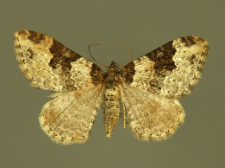 Xanthorhoe fluctuata (Linnaeus, 1758)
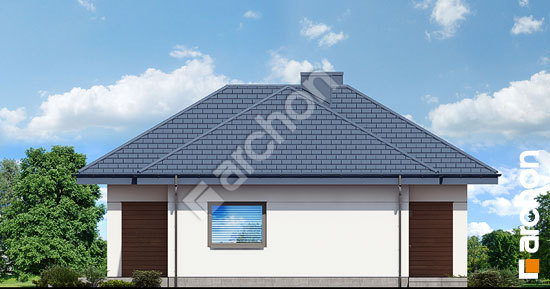 Боковой фасад Дом в коштелях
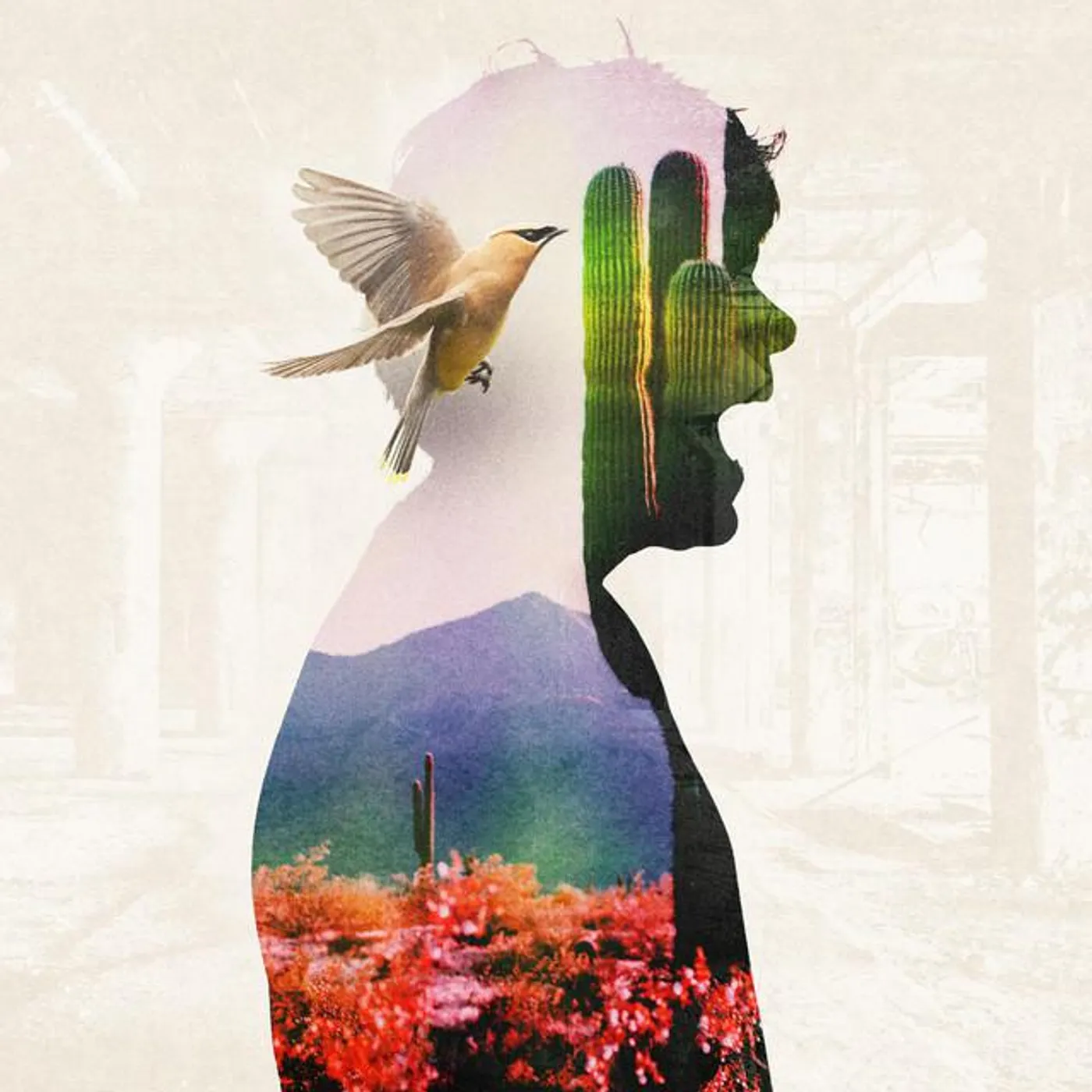 Kyle Hollingsworth Brand Page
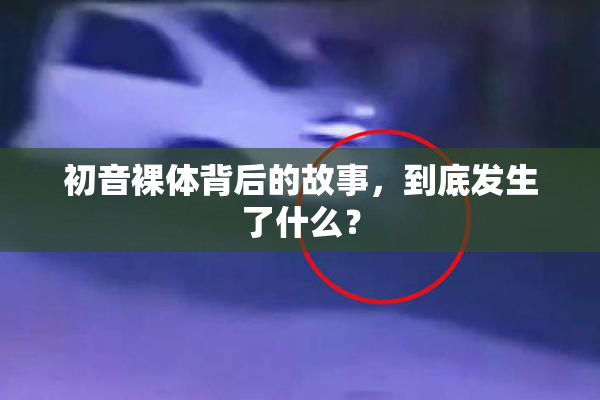 初音裸体背后的故事，到底发生了什么？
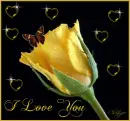i love you rose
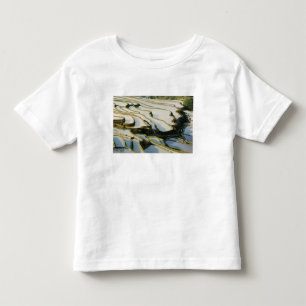 Asien, Kina, Yunnanprovinsen, Yuanyang härad. Tee Shirt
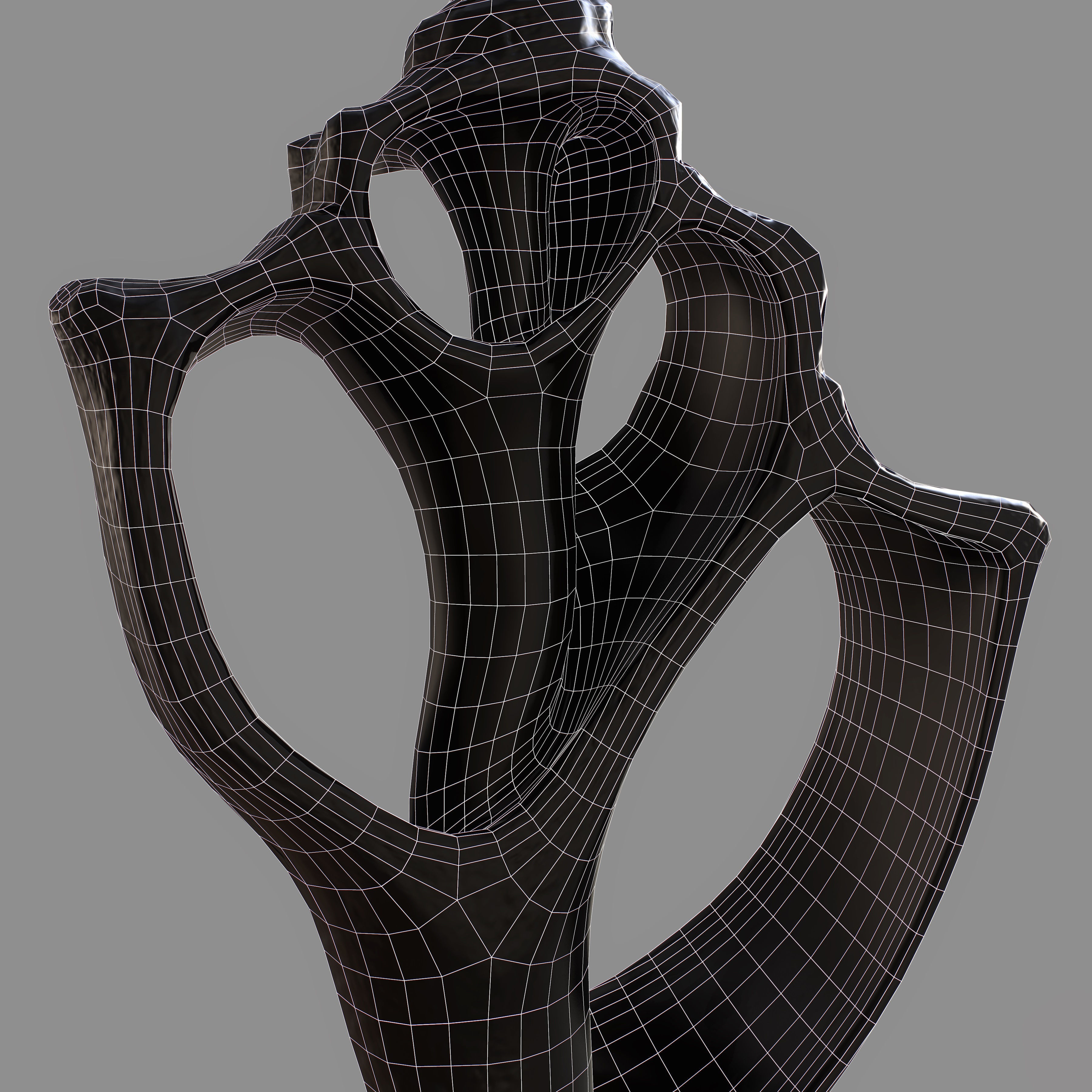 Cut Seashell Low-poly 3D model_11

□ □ □ □

Extract word for word every line from the line that contains "Kyle Hollingsworth Brand Page" to the final line of the data, both included, and nothing else; skip the pictures.

| Task solution |
 Kyle Hollingsworth Brand Page
 初音裸体背后的故事，到底发生了什么？
i love you rose
 Asien, Kina, Yunnanprovinsen, Yuanyang härad. Tee Shirt
 Cut Seashell Low-poly 3D model_11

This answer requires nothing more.